Ok, unmangled part looks different indeed. If the issue with pre-link checking is solved this patch is ok with me.

rampitec added inline comments.Sep 1 2017, 9:55 AM
lib/Target/AMDGPU/AMDGPULibCalls.cpp
616 ↗(On Diff #111514)

I see you are now checking for the declaration vs definition, but it is still only legal on pre-link and that is not checked.

lib/Target/AMDGPU/AMDGPULibFunc.cpp
987 ↗(On Diff #111912)

Not done.

lib/Target/AMDGPU/AMDGPULibFunc.h
366 ↗(On Diff #111912)

Not done.

test/CodeGen/AMDGPU/simplify-libcalls.ll
693 ↗(On Diff #111912)

Not done.

yaxunl updated this revision to Diff 113672.Sep 2 2017, 8:29 PM
yaxunl edited edge metadata.
yaxunl marked an inline comment as done.

Revised by Stas' comments. Use AMDGPULibFunc::getOrInsertFunction to create function.

yaxunl updated this revision to Diff 113673.Sep 2 2017, 8:40 PM
yaxunl marked 4 inline comments as done.

Minor change of test.

vpykhtin added inline comments.Sep 4 2017, 3:15 AM
lib/Target/AMDGPU/AMDGPULibFunc.h
366 ↗(On Diff #111912)

Initially (non-const) StringRef& was introduced intentionally to have mangledName with stripped name on return.

yaxunl marked an inline comment as done.Sep 4 2017, 5:40 AM
yaxunl added inline comments.
lib/Target/AMDGPU/AMDGPULibCalls.cpp
616 ↗(On Diff #111514)

Now use AMDGPULibFunc::getOrInsertFunction().

lib/Target/AMDGPU/AMDGPULibFunc.h
366 ↗(On Diff #111912)

Only const StringRef& is changed to StringRef. non-const StringRef& is not changed.

rampitec added inline comments.Sep 4 2017, 10:30 AM
lib/Target/AMDGPU/AMDGPULibCalls.cpp
67 ↗(On Diff #111912)

The whole point of moving logic to distinguish between mangled and unmangled into the parser is to have no massive changes in the client like this and to let client to not bother differentiating on every other line.

636 ↗(On Diff #113673)

The point of using it is to check its result and bail if null. Also no modifications shall be done before this check.

test/CodeGen/AMDGPU/simplify-libcalls.ll
693 ↗(On Diff #111912)

I still see it.

yaxunl marked 2 inline comments as done.Sep 4 2017, 2:55 PM
yaxunl added inline comments.
test/CodeGen/AMDGPU/simplify-libcalls.ll
693 ↗(On Diff #111912)

I've add -instnamer to the RUN line. Do you mean I should get the original .ll through opt -instnamer so that the .ll contains named instructions?

rampitec added inline comments.Sep 4 2017, 4:30 PM
test/CodeGen/AMDGPU/simplify-libcalls.ll
693 ↗(On Diff #111912)

Yes, there shall be no numbered variables in the test as it has to be easily editable.

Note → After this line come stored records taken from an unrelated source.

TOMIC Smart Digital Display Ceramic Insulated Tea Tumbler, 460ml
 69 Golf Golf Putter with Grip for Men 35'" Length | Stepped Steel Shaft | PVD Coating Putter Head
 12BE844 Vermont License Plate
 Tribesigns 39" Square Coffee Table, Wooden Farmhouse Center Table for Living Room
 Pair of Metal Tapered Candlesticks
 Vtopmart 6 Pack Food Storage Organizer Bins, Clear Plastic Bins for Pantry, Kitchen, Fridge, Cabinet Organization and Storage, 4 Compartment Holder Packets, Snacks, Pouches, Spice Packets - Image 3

yaxunl updated this revision to Diff 113906.Sep 5 2017, 1:24 PM
yaxunl marked an inline comment as done.

Revised by Stas' comments.

rampitec added inline comments.Sep 5 2017, 2:00 PM
test/CodeGen/AMDGPU/simplify-libcalls.ll
1 ↗(On Diff #113906)

-instanamer is not needed here.

yaxunl updated this revision to Diff 113909.Sep 5 2017, 2:04 PM

Remove -instnamer from RUN line.

rampitec added inline comments.Sep 5 2017, 2:09 PM
lib/Target/AMDGPU/AMDGPULibCalls.cpp
612 ↗(On Diff #113906)

Please move the actual IR change below "return false" statement.

yaxunl updated this revision to Diff 113912.Sep 5 2017, 2:25 PM

Revised by Stas' comments.

rampitec accepted this revision.Sep 5 2017, 2:32 PM

Thanks!

This revision is now accepted and ready to land.Sep 5 2017, 2:32 PM
This revision was automatically updated to reflect the committed changes.